# Cape Lookout surf fishing



## CalypsoNotch (Jul 3, 2017)

Planning a 2 night trip there first week in Aug. I've never been there. What can I expect? I know I'll need to take everything with me but how will the fishing be? Does it have those same green bugs everywhere that you find on okracoke and Portsmouth? I'll be targeting whatever I can catch. 

Thanks


----------



## CalypsoNotch (Jul 3, 2017)

100 views and nobody knows a thing about it. Fishing must be really good


----------



## CalypsoNotch (Jul 3, 2017)

Lol 100 views and nobody knows a thing about it. Fishing must be really good.


----------



## 23mako (Aug 24, 2016)

http://www.pierandsurf.com/fishing-forum/showthread.php?143658-Going-to-Cape-Lookout-NC-for-a-trip


----------



## Jollymon (May 21, 2015)

CalypsoNotch said:


> Lol 100 views and nobody knows a thing about it. Fishing must be really good.

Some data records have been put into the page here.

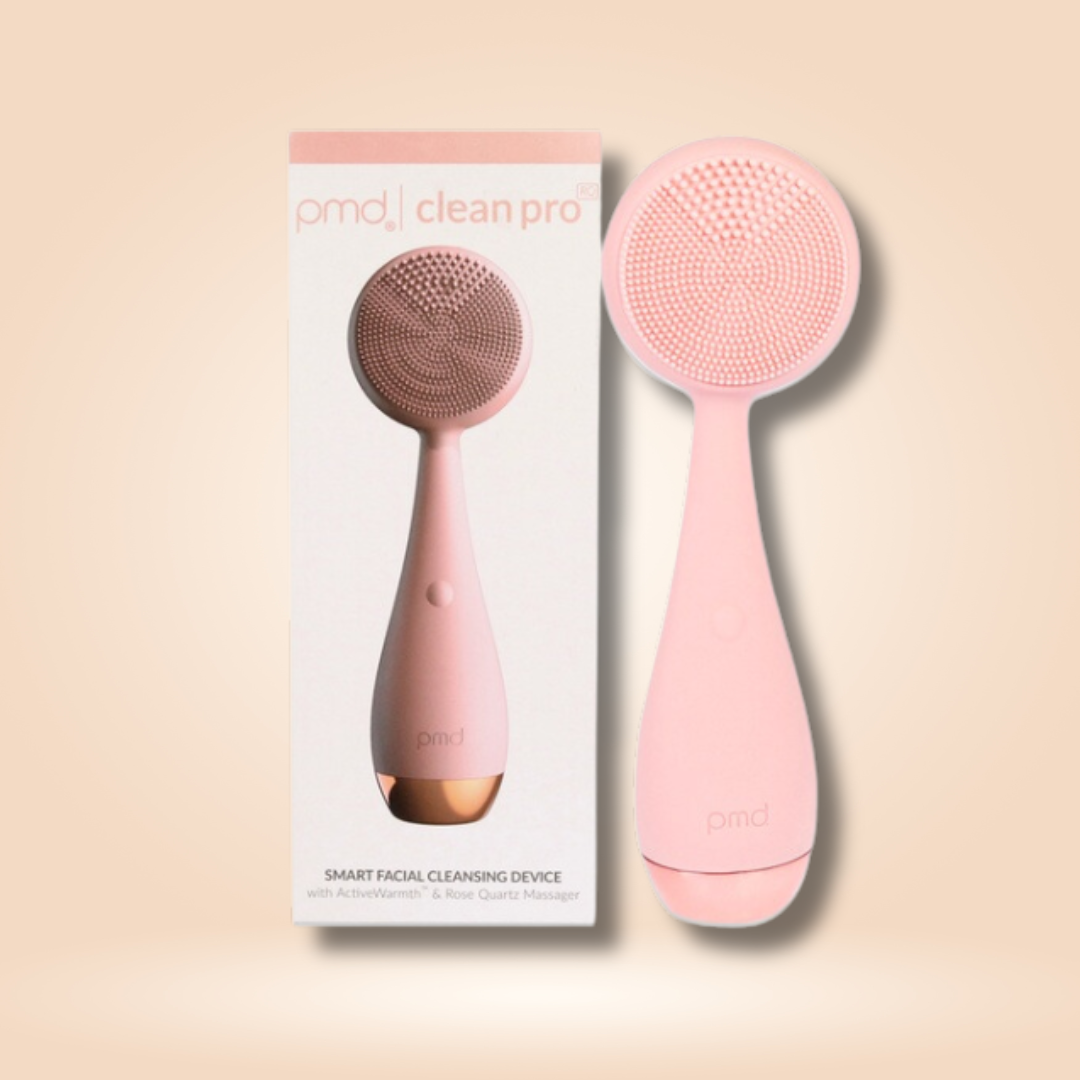 PMD - PMD Clean Pro RQ, Blush with Rose Gold Finish - 1 Pc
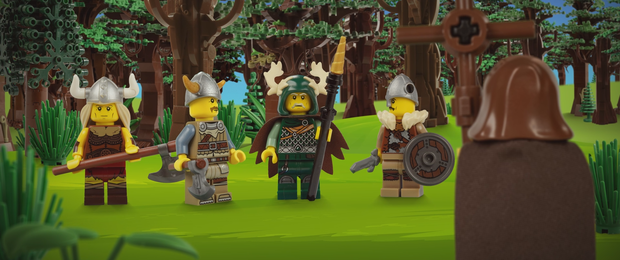Historia Polski z Lego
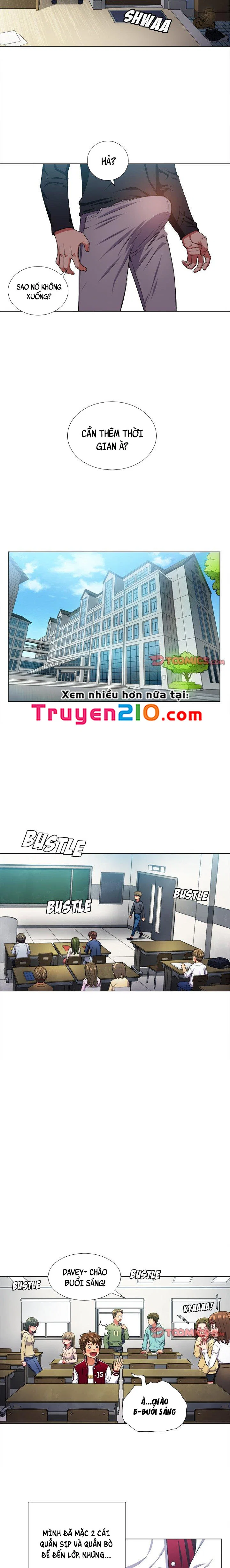 Bắt Nạt Ở Trường Trung Học - Chapter 12 trang 7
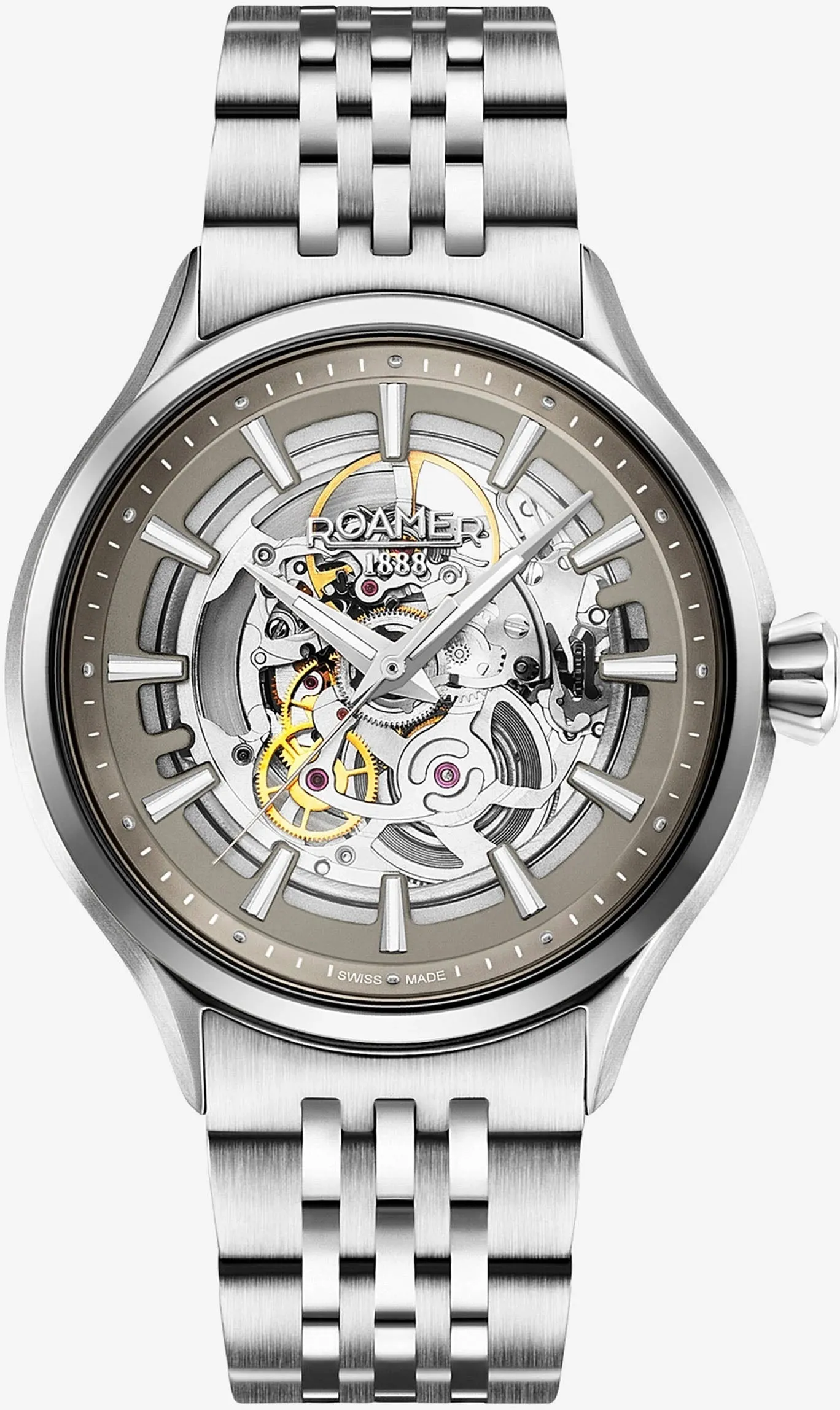 RMR Watch Competence Skeleton III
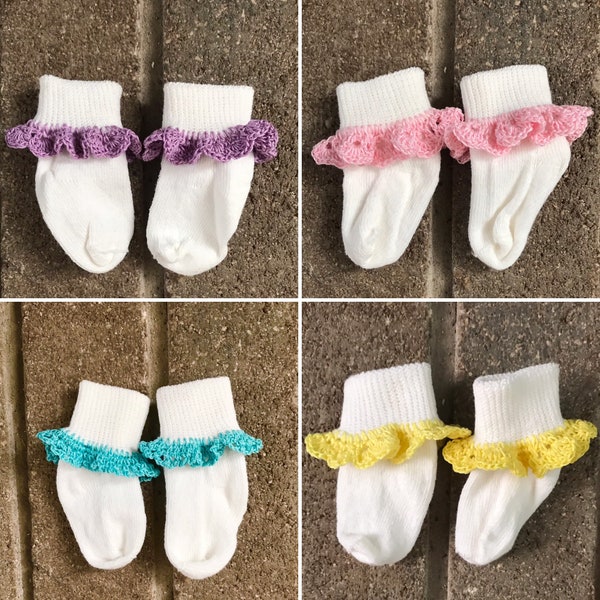 Kids Beaded Socks, Blue Beaded Socks, Pink & Purple Beaded Socks, Fancy Beaded Socks, Beaded Socks, Girls Party Socks, Shoebox Gift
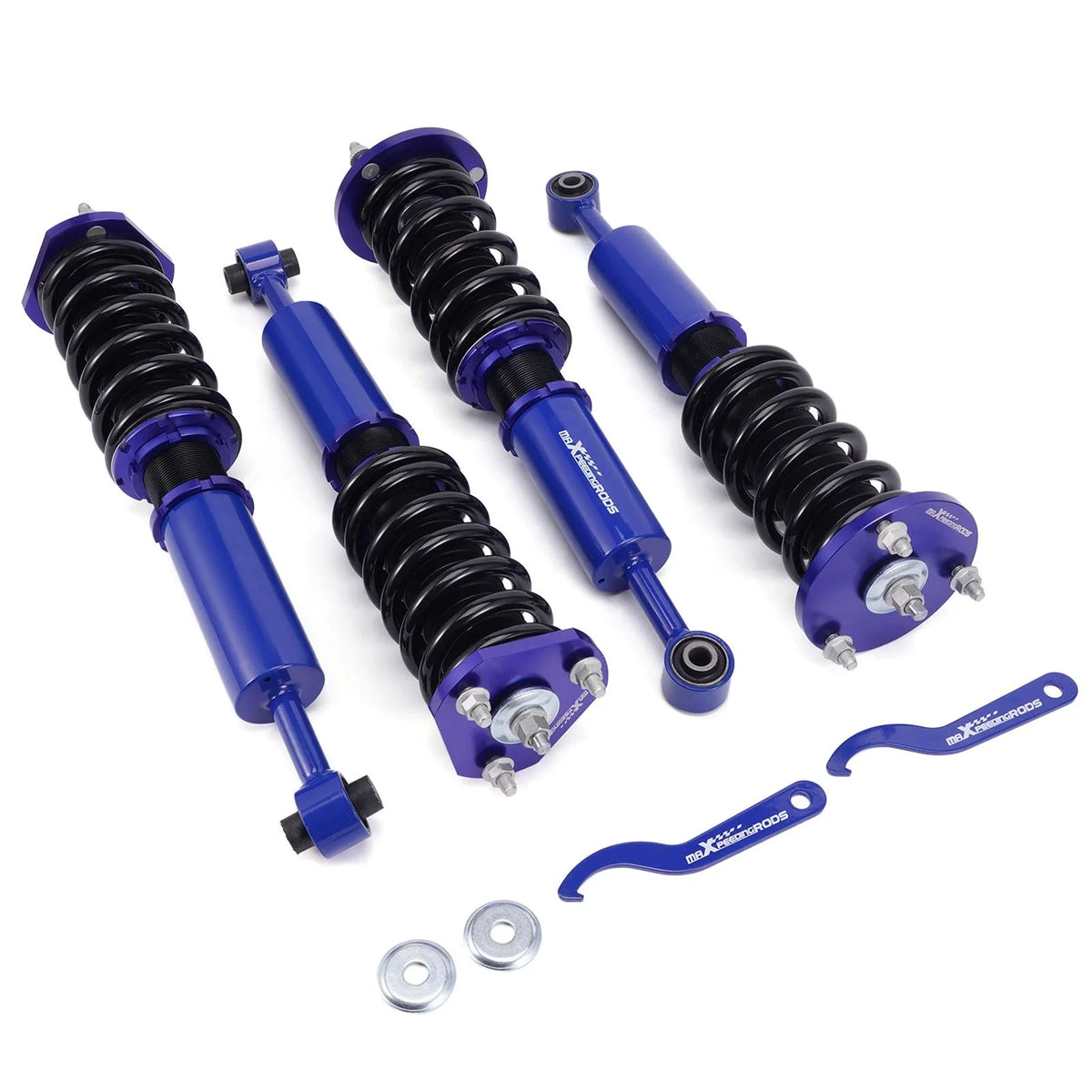 Coilover Kit with Adjustable Height Shocks for IS250/350 RWD (2006-2013)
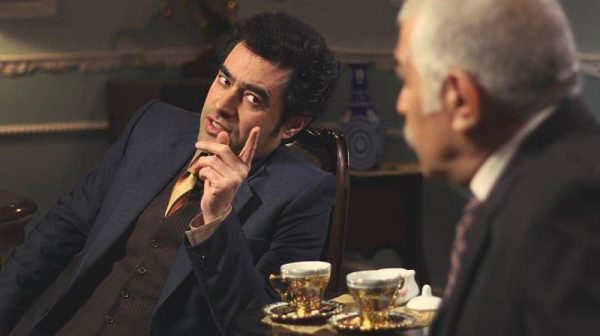 شهاب  حسینی در سریال شهرزاد 2
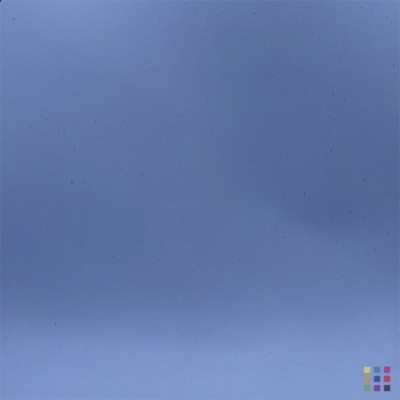 OS Transparent 130-8S-F bleu pâle 30x30cm OS Transparent 130-8S-F bleu pâle 30x30cm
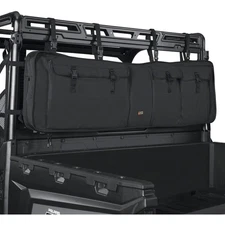 Classic Accessories Black UTV Double Gun Carrier - 18-129-010401-0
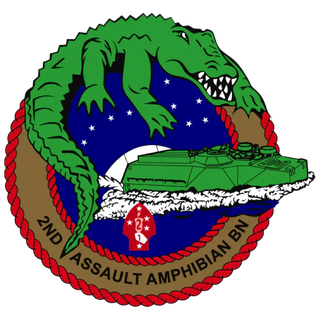 2nd Assault Amphibian Battalion (2nd AABn)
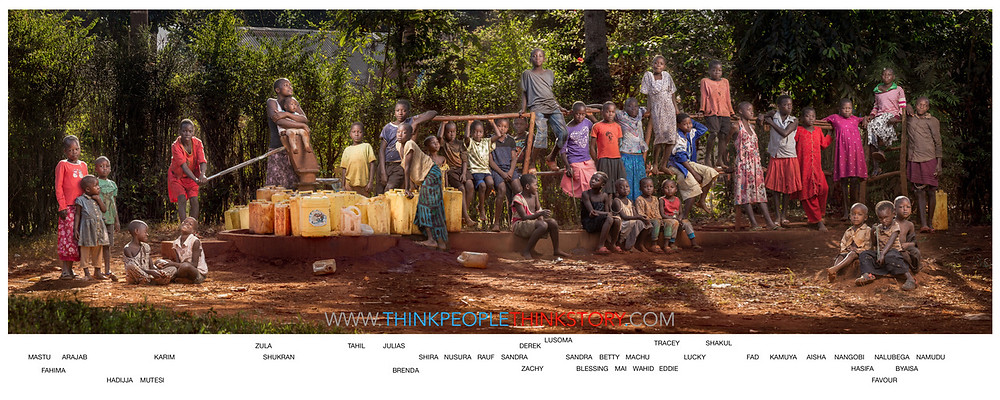 Borehole image © Tommy Hatwell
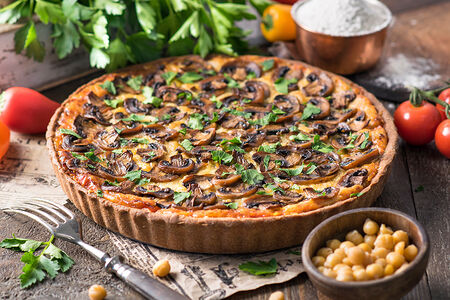 Пирог Турецкий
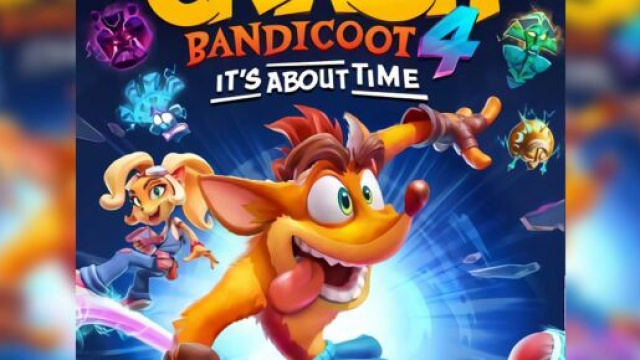 Crash Bandicoot, leakata la data di uscita del nuovo capitolo.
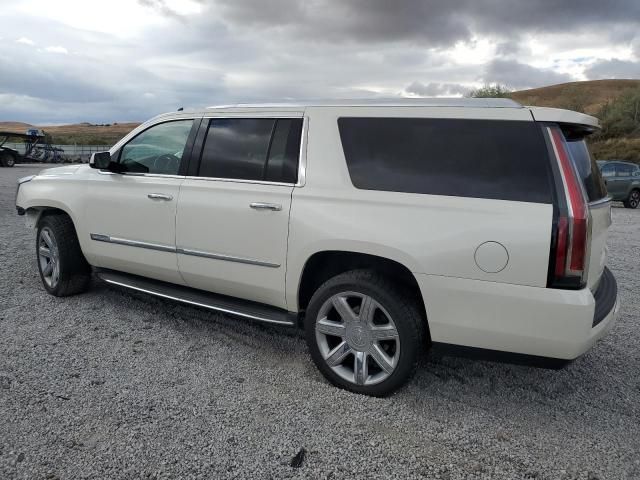 2015 Cadillac Escalade ESV Premium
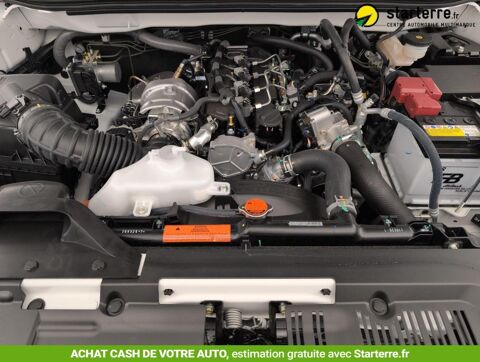 D-MAX 2.2L SPACE CABINE A/T EVOLUTION 2026 occasion 69190 Saint-Fons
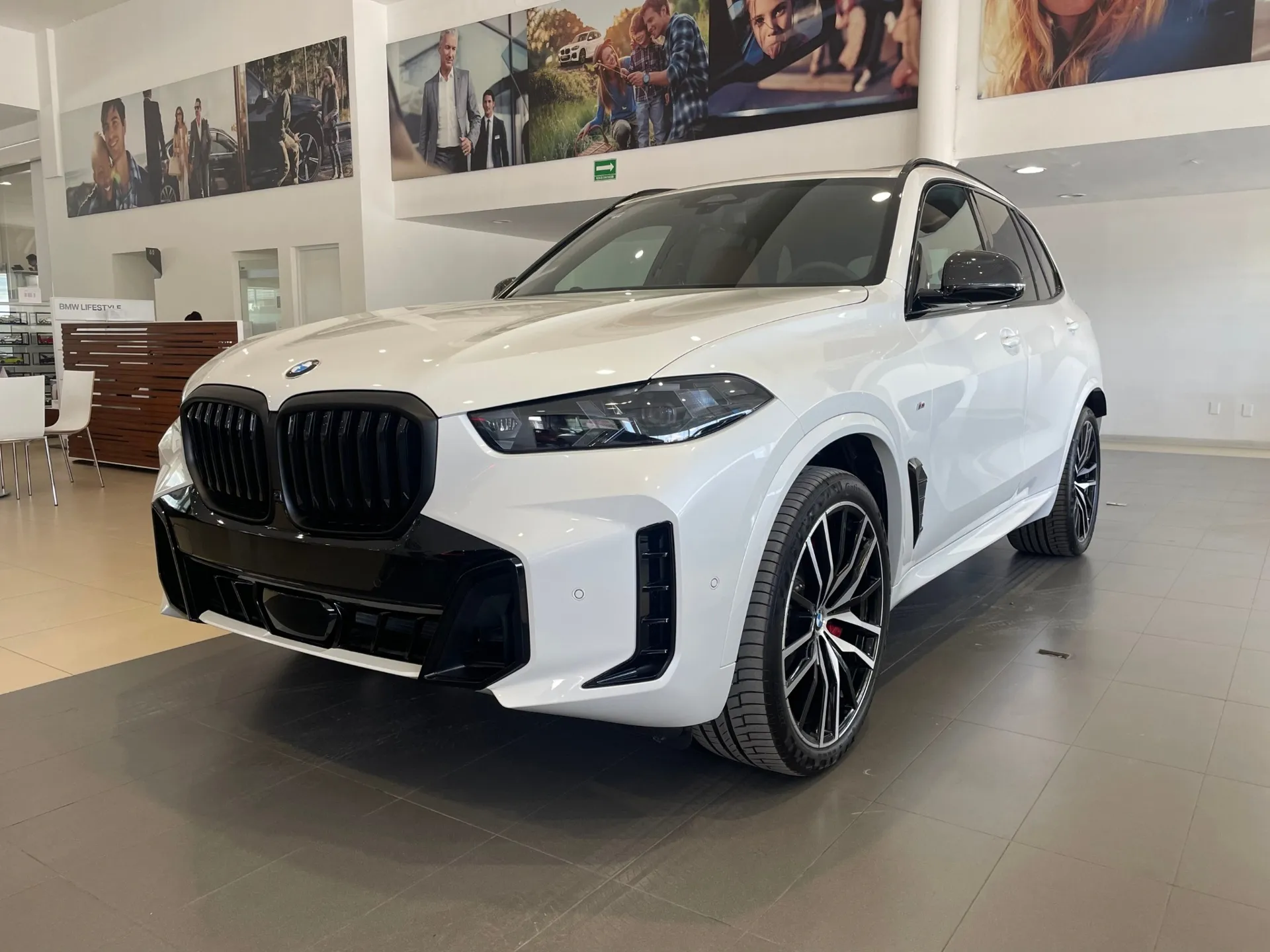 Bmw X5 Xdrive40i - Edición 30 Años (aut.) 2026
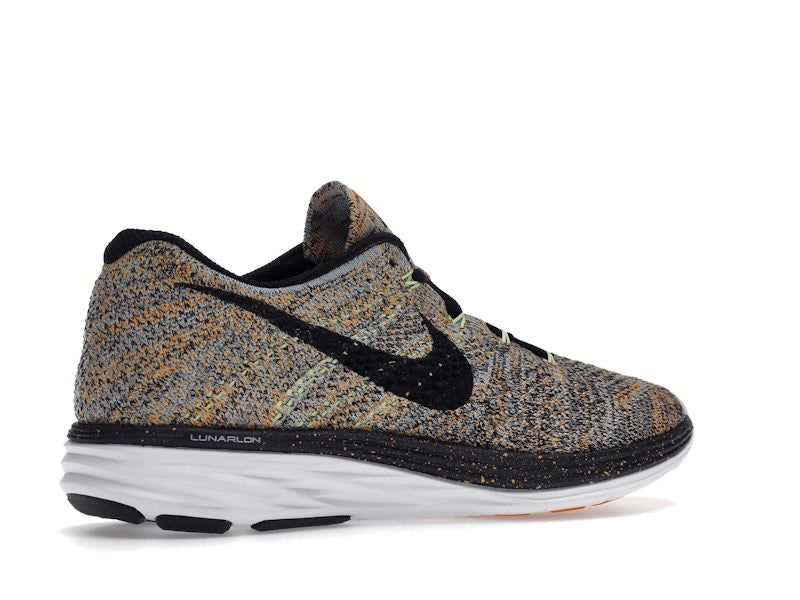 Nike Flyknit Lunar 3 Bright Citrus (Women's)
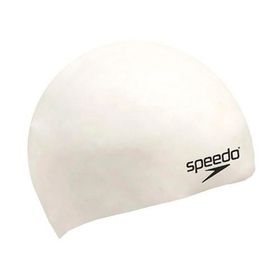 Speedo Plain Moulded Silikon Yüzücü Bonesi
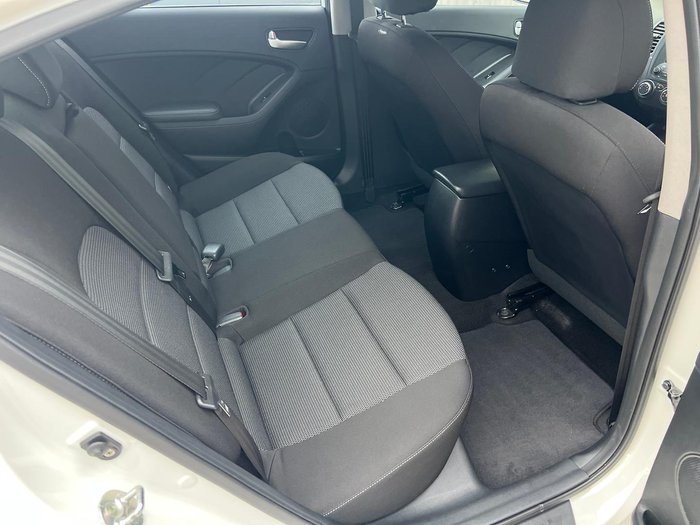 2018 Kia Cerato S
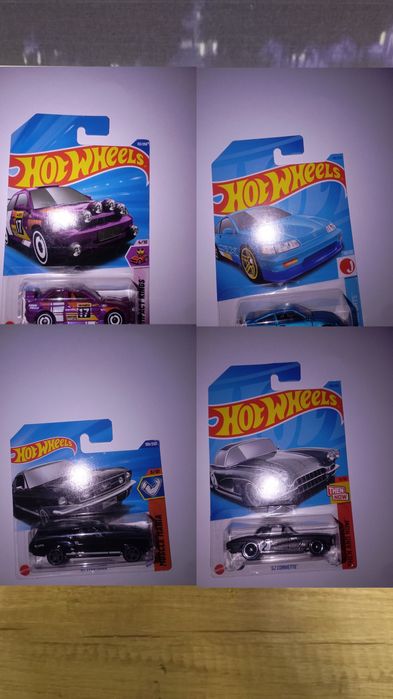 Hot wheels машинки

Or it's so good nobody wants to share


----------



## Papa-T (Sep 5, 2011)

I'm one of the views but I don't go there so that's why I didn't give any advice.


----------



## SloppyTilapia (Oct 4, 2013)

papa-t said:


> i'm one of the views but i don't go there so that's why i didn't give any advice.


ditto.


----------



## Gorge (Jun 13, 2017)

Me too. I'm a Hatteras guy


----------



## dena (Jun 20, 2010)

I was just hoping to learn something, and had nothing pertinent to share about the place.


----------



## SNUFFY (Mar 23, 2004)

CalypsoNotch said:


> Planning a 2 night trip there first week in Aug. I've never been there. What can I expect? I know I'll need to take everything with me but how will the fishing be? Does it have those same green bugs everywhere that you find on okracoke and Portsmouth? I'll be targeting whatever I can catch.
> 
> Thanks


Hi CalypsoNotch,

We were there June 15th through the 18th. There were no bars with cuts the whole length of the Island. We traveled as far as you can go North and then all the way to the south end. We did catch 50 nice sea mullets and 12 big pompano...all on sand fleas. Our strategy was if we didn't get bite in 15 minutes...we would move down another 400 to 500 yards. With 6 rods in the water. Good luck!
View attachment 39890


----------



## mossers (Sep 15, 2009)

This web site covers Cape Lookout. Maybe it will help.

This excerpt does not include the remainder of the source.